Stanislav Štefkovič

Personal information
- Born: 21 November 1929 Skačany, Czechoslovakia
- Died: 22 February 2023 (aged 93) Nitra, Slovakia

Sport
- Country: Czechoslovakia
- Sport: Athletics
- Event: Decathlon

= Stanislav Štefkovič =

Slovak decathlete (1929–2023

Stanislav Štefkovič (21 November 1929 – 22 February 2023) was a Slovak decathlete.

Štefkovič was born in the village of Skačany. From his early childhood, he was interested in sports - first football and volleyball and, later, athletics. He was educated at a grammar school in Trenčín and studied Physical Education at the Comenius University. In the early phase of his athletic career, his weakest discipline was pole vault. Nonetheless, after reading a book by the Soviet athlete Nikolay Ozolin, his performance improved and he set a Slovak pole vaulting record 12 times in a row.

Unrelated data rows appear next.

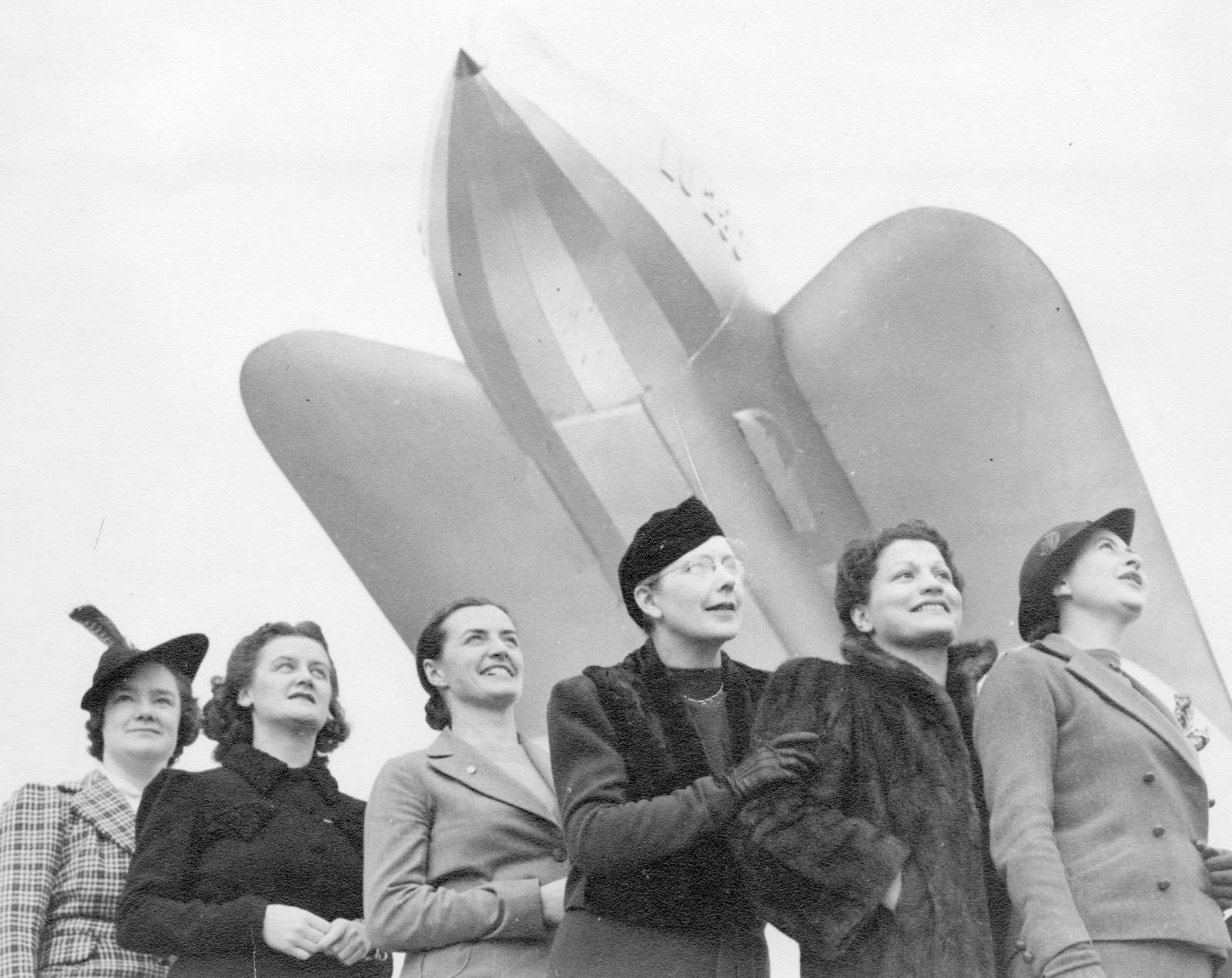 The Flying Seven Canadian pioneering aviators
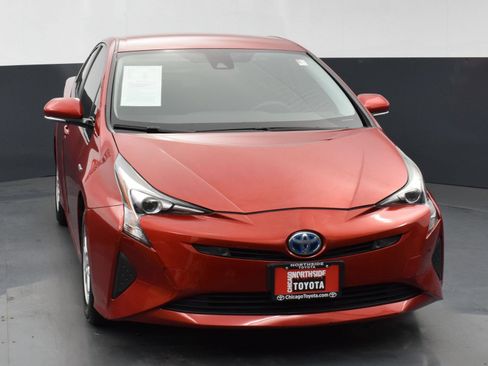 Used 2018 Toyota Prius Two w/ Prius Two Safety Plus Package FWD image 7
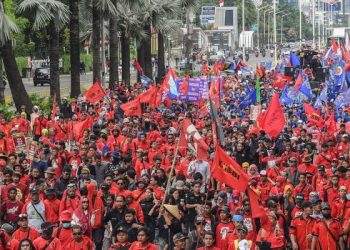 Workers in Indonesia National Strike, 100 Industries Paralyzed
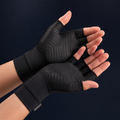 ComfortGrip™ Compression Gloves fit and operation detail
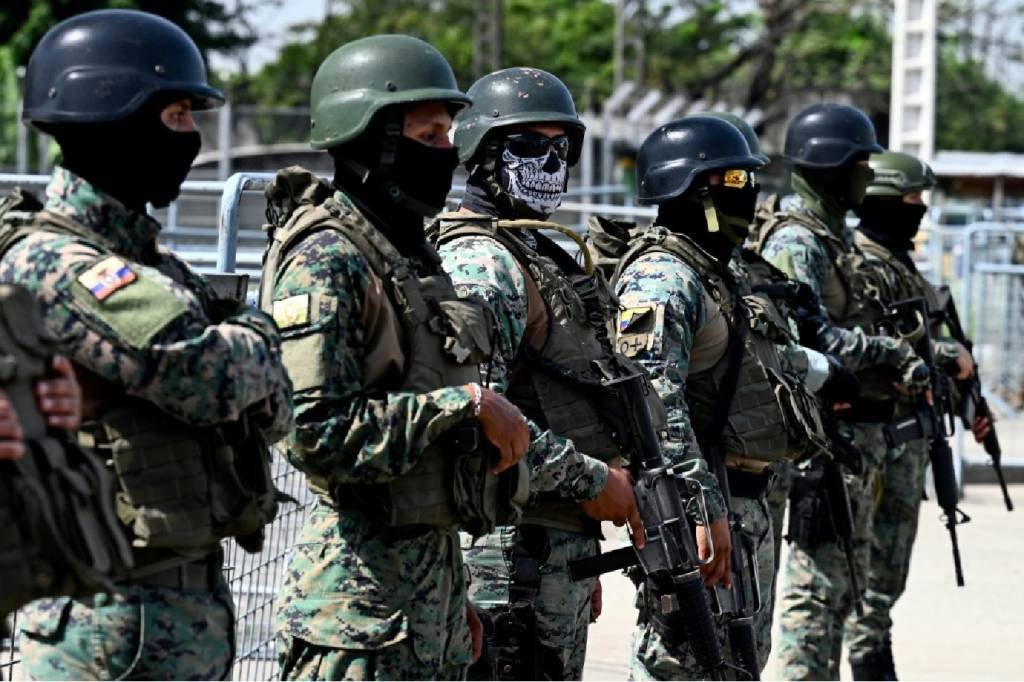 Equador prorroga estado de exceção por 30 dias após fuga de chefe do narcotráfico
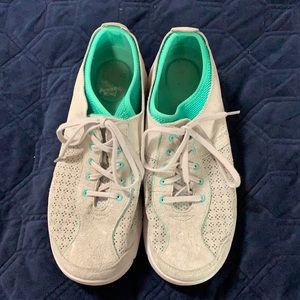Dansko Elise Comfort Sneaker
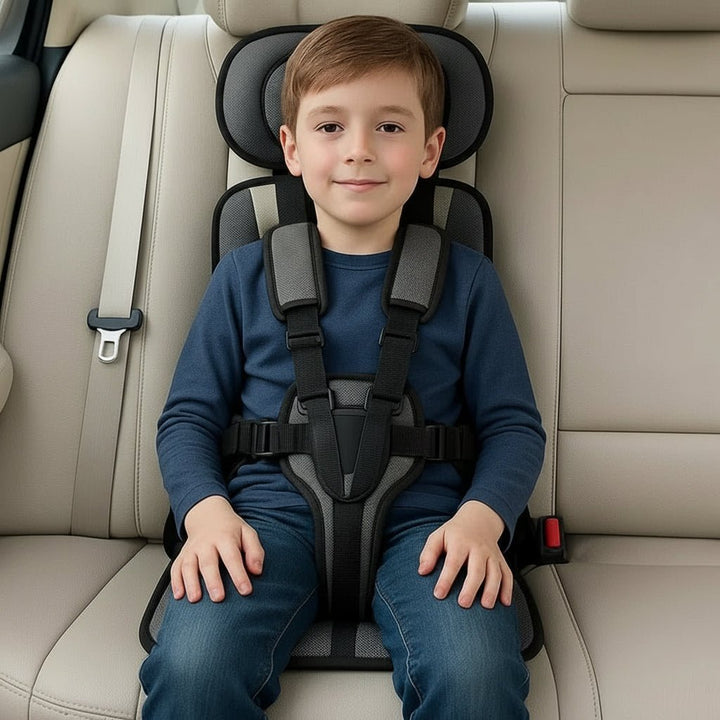 Compact and portable car seat for children, ideal for trips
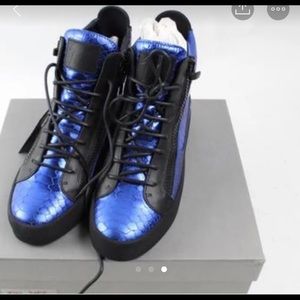 Authentic Men’s Giuseppe.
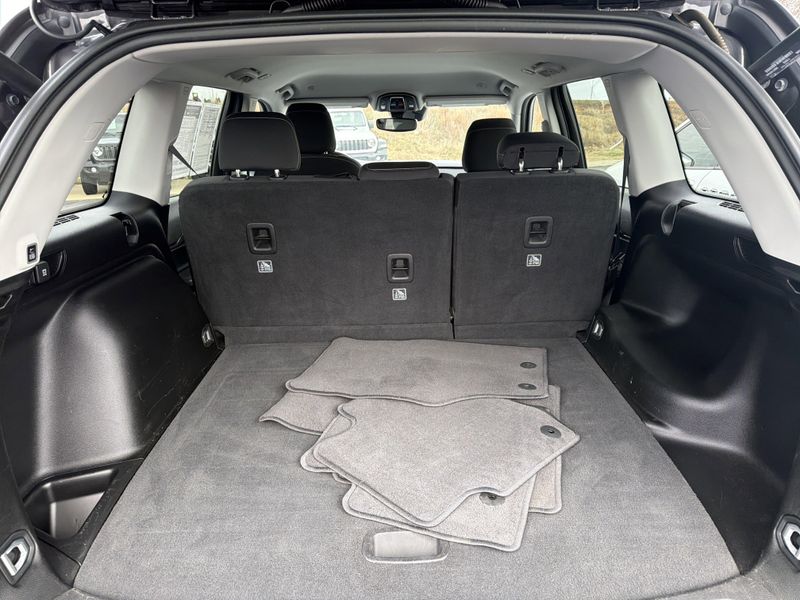 Used 2022 Jeep Grand Cherokee LaredoImage 15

In 1953, Štefkovič finished third in the Czechoslovak Athletic Championship. In 1954, he competed at the Summer Universiade in Budapest and 1954 European Athletics Championships. In 1957, he settled in Nitra, where he taught and coached Athletics at the Slovak University of Agriculture. He competed at the Summer Universiade in Paris in the same year. A back injury suffered while skiing made it impossible for Štefkovič to compete internationally. In 1995, Štefkovič was awarded an Honorary Award for promotion of Fair Play in sports by the Slovak Olympic and Sports Committee. The Slovak Athletic Federation included him in the Hall of Fame of Slovak Athletics in 2022.

Štefkovič died in Nitra on 22 February 2023, at the age of 93.